Single by Stace Cadet & KLP
- Released: 24 April 2020
- Genre: Tech House
- Length: 3:28
- Label: Medium Rare; Sony;
- Songwriters: Ben O'Connor; Kristy Lee Peters; Stasi Kotaras;
- Producers: Stace Cadet; KLP and Benson;

Stace Cadet singles chronology
| "Chase" (2019) | "Energy" (2020) | "People Happy" (2021) |

KLP singles chronology
| "Ride Tonight" (2019) | "Energy" (2020) | "Feel the Love" (2020) |

= Energy (Stace Cadet and KLP song) =

"Energy" is a song by Australian musicians Stace Cadet and KLP. It was released on 24 April 2020 and peaked at number 70 on the ARIA Singles Chart, becoming both artists' first single to peak inside the ARIA top 100.
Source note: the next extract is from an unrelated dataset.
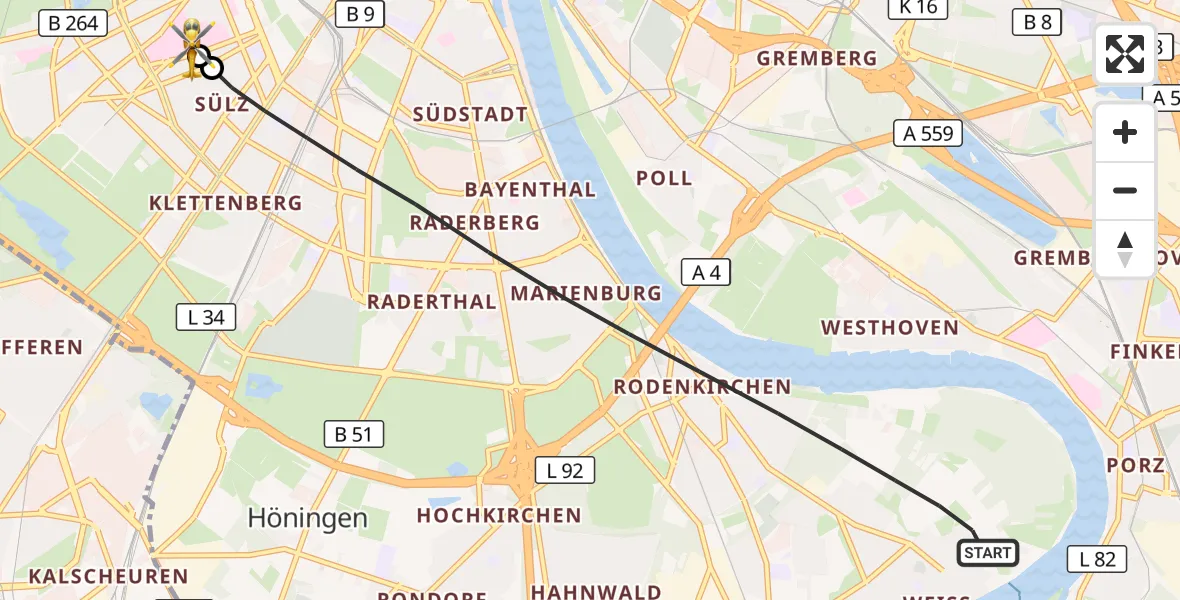 Flugroute Ambulanzhubschrauber Köln - Köln University Hospital, 01 September 2026, 19:41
The song peaked at number 1 on the ARIA club tracks for four weeks in May and June 2020. Various remixes of the song have been released since July 2020.

At the ARIA Music Awards of 2020, the song was nominated for Best Dance Release.

==Reception==
A Triple J reviewer called the track "A high-intensity club track complete with rave sirens, a deep groove bassline and KLP's signature vocals primed to hype up the club!"

A Music Feeds reviewer said "The title says it all – it's a club-ready banger oriented around its grooving bass line, hypnotic percussion and KLP's vocals, guaranteed to make dance floors go off whenever that's allowed again."

==Track listing==

Digital download
| No. | Title | Length |
|---|---|---|
| 1. | "Energy" | 3:28 |

Digital download – LO'99 Remix
| No. | Title | Length |
|---|---|---|
| 1. | "Energy" (LO'99 Remix) | 3:50 |
| 2. | "Energy" | 3:28 |

Digital download – Mell Hall Remix
| No. | Title | Length |
|---|---|---|
| 1. | "Energy" (Mell Hall Remix) | 3:53 |
| 2. | "Energy" | 3:28 |

Digital download – Holmes John Remix
| No. | Title | Length |
|---|---|---|
| 1. | "Energy" (Holmes John Remix) | 3:01 |
| 2. | "Energy" | 3:28 |

Digital download – Endor Remix
| No. | Title | Length |
|---|---|---|
| 1. | "Energy" (Endor Remix) | 3:24 |
| 2. | "Energy" | 3:28 |

==Charts==
===Weekly charts===

| Chart (2020–2021) | Peak position |
|---|---|
| Australia (ARIA) | 70 |

===Year-end charts===

| Chart (2020) | Position |
|---|---|
| Australian Artist (ARIA) | 48 |

==Certifications==

| Region | Certification | Certified units/sales |
| Australia (ARIA) | Platinum | 70,000^{‡} |
^{‡} Sales+streaming figures based on certification alone.